Mori was not involving his country in confusion (that's the Bush administration's job) – but in his Australian tour he pulled no punches in denouncing the military commissions and charging that they are rigged for conviction. Those charges were the basis for prosecutor Davis threatening Mori under a rarely-used law forbidding military members from expressing contempt for civilian leaders. (For a sampling of Mori's statements, see pages 14 and 15 here. It seems to me that they come nowhere near violating the statute - essentially they are directed at the commissions, not at personalities.)

Judge for yourself if Mori made the right tactical call. We now know that the political pressure on John Howard was the key factor that resulted in a favorable outcome for Mori's client.

Perhaps lost in the shuffle by the plea-bargain is the remarkable ethics battle leading up to it. Whether Davis realized it or not, if his threat to prosecute Mori for excess lip on his client's behalf had been taken seriously it would have required Mori to disqualify himself for a conflict of interest – and so would every military lawyer defending a client before a military commission. Lawyers are forbidden from taking cases in which their own personal interests – in this case, the interest in avoiding prosecution – prevent them from taking actions on behalf of their clients that other lawyers could lawfully take. (It's a disqualifying conflict of interest if "there is a significant risk that the representation of one or more clients will be materially limited by...a personal interest of the lawyer." That's the ABA Model Rule, but essentially similar rules govern lawyers, including military lawyers, in every jurisdiction. Of course, lawyerly zeal on behalf of clients is limited by law - lawyers can't bribe jurors or bump off witnesses. But here the point is that only military lawyers face criminal prosecution for denouncing high government officials. Mori's representation would have been "materially limited" compared with what a civilian lawyer could do on Hicks's behalf.)

Instead, Hicks's defense team moved to have Davis disqualified for violating a provision of the Military Commissions Act that states: "No person may coerce or, by any unauthorized means, influence... the exercise of professional judgment by...defense counsel." Military Commissions Act, section 949b(a)(C).

So far as I know, the military judge never ruled on this motion. [I'd welcome correction if anyone has better information.] Instead, bizarrely, Hicks's civilian lawyers were tossed off the case – one because of a technicality in her manner of appointment, and the other for a reason that would have involved him in a conflict of interest. Joshua Dratel refused to sign a statement attesting that he would abide by all the rules of the military commissions – including rules that do not yet exist. "I cannot sign a document that provides a blank check on my ethical obligations as a lawyer," Dratel explained.

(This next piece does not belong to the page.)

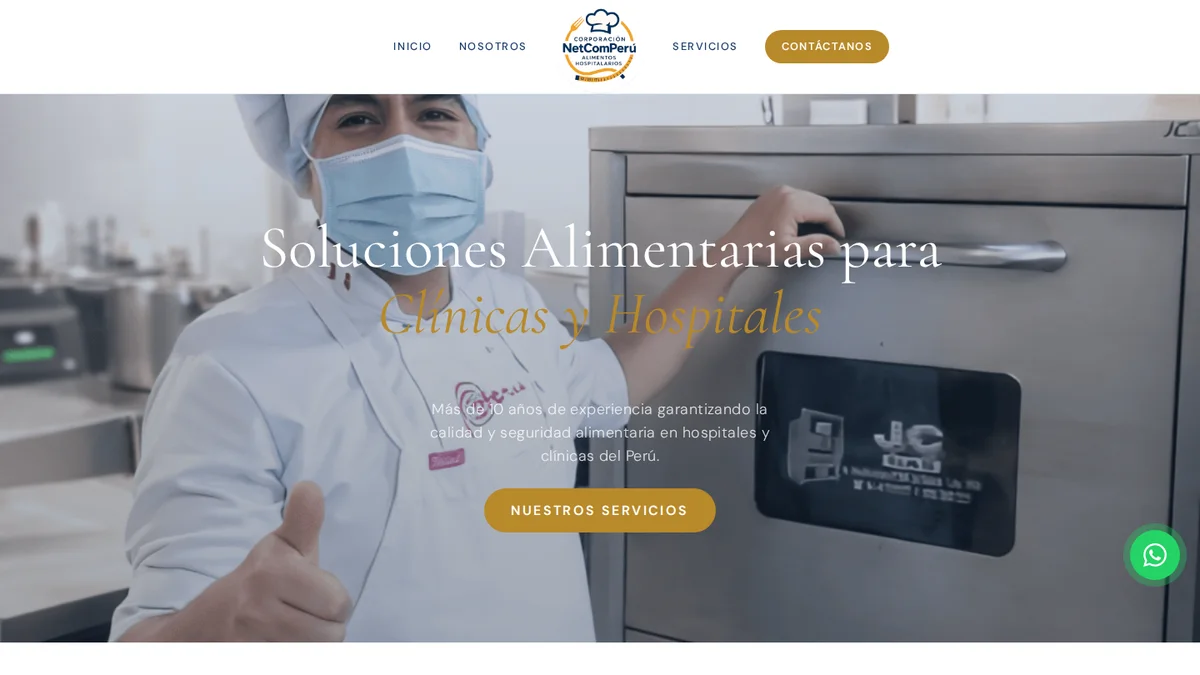 Página web personalizada para concesionario de servicios alimentarios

Well, yes. What if the as-yet-to-be-issued rules improperly impeded Dratel's ability to defend Hicks? If he violated them, he would be open to prosecution for the felony of making a false statement to the government when he signed the statement saying he would abide by the rules. (18 U.S.C. 1001.)

Farfetched? Not at all: false statements was one charge in the indictment against Lynne Stewart, when she violated prison rules after signing a statement saying she would abide by them. After Stewart's prosecution, no defense lawyer in his or her right mind would sign the statement Dratel was asked to sign.

So the judge bounced Dratel from the case. That left Mori to put the finishing touches on the plea agreement, while Colonel Moe Davis found himself, at least temporarily, relegated to the alternate universe of Guantanamo, where law as we know it does not exist. Dan Mori should permit himself a smile.